He tenido la oportunidad de leer una lista de los cincuenta filósofos vivientes más influyentes del mundo. En la misma, aparecen clásicos de la filosofía contemporánea como Noam Chomsky, John Searle o Jürgen Habermas.
Resulta difícil determinar la influencia de un filósofo viviente. Es cuestionable evaluar su impacto a través del número de veces que se le cita en las revistas indexadas, como se hace en las llamadas “ciencias duras”. Los artículos de revistas indexadas son leídos por un reducido número de expertos, integrantes de una comunidad académica.
Por su parte, la filosofía trasciende el ámbito meramente académico. Su influencia se muestra en el sistema de prácticas de una sociedad, en las instituciones, los movimientos artísticos, las ideologías politicas y las cosmovisiones científicas. Esta influencia se puede determinar analizando como una institución, movimiento o cosmovisión se corresponde con el conjunto de supuestos explicitado y argumentado en un texto filosófico.
Y como ocurre en el arte, para lograr evaluar los resultados de este análisis se requiere la prueba del tiempo. Solo transcurrido éste podemos saber si los planteamientos de un filósofo pasarán a ser parte constitutiva de la cultura, o si no son serán más que una moda intelectual.
Por esto, resulta tan difícil evaluar la influencia de los filósofos vivos. Su obra aún está construyéndose, sus ideas forman parte de nuestra atmósfera intelectual y nosotros estamos sumergidos en ella sin la suficiente distancia para evaluarla con prudencia.

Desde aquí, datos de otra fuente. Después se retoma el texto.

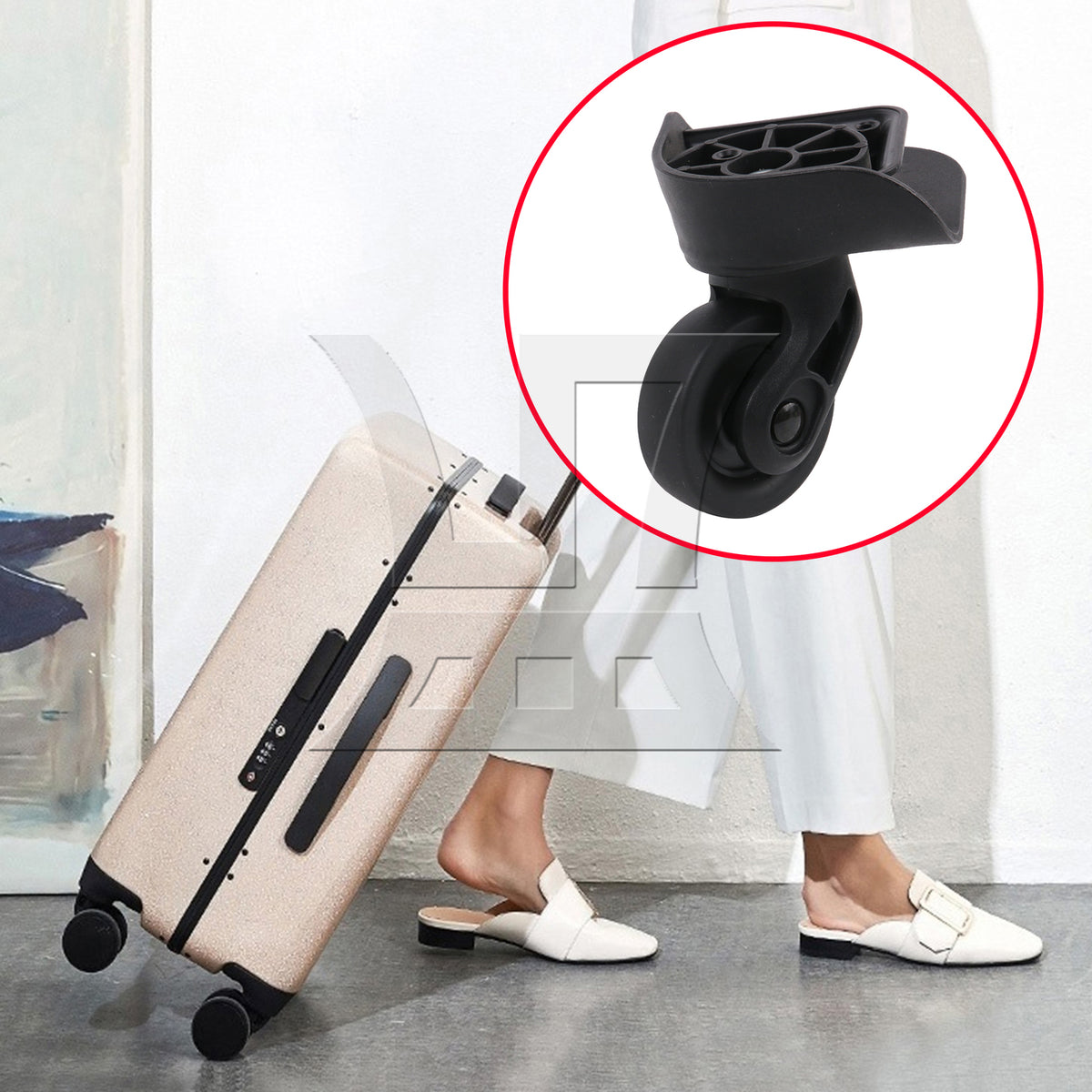 BQLZR Suitcase Luggage Casters Repair Mute Wheels 3.22" W237 Left Right Kit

Y al mismo tiempo, las implicaciones de esas ideas no se manifiestan de inmediato, ni se captan con la simple mirada. Requieren de años, décadas, y siglos para ser percibidas por quienes poseen agudeza crítica. Esta es una de las razones por las que, con frecuencia, no se entiende la influencia de la filosofía y cómo impacta nuestras vidas.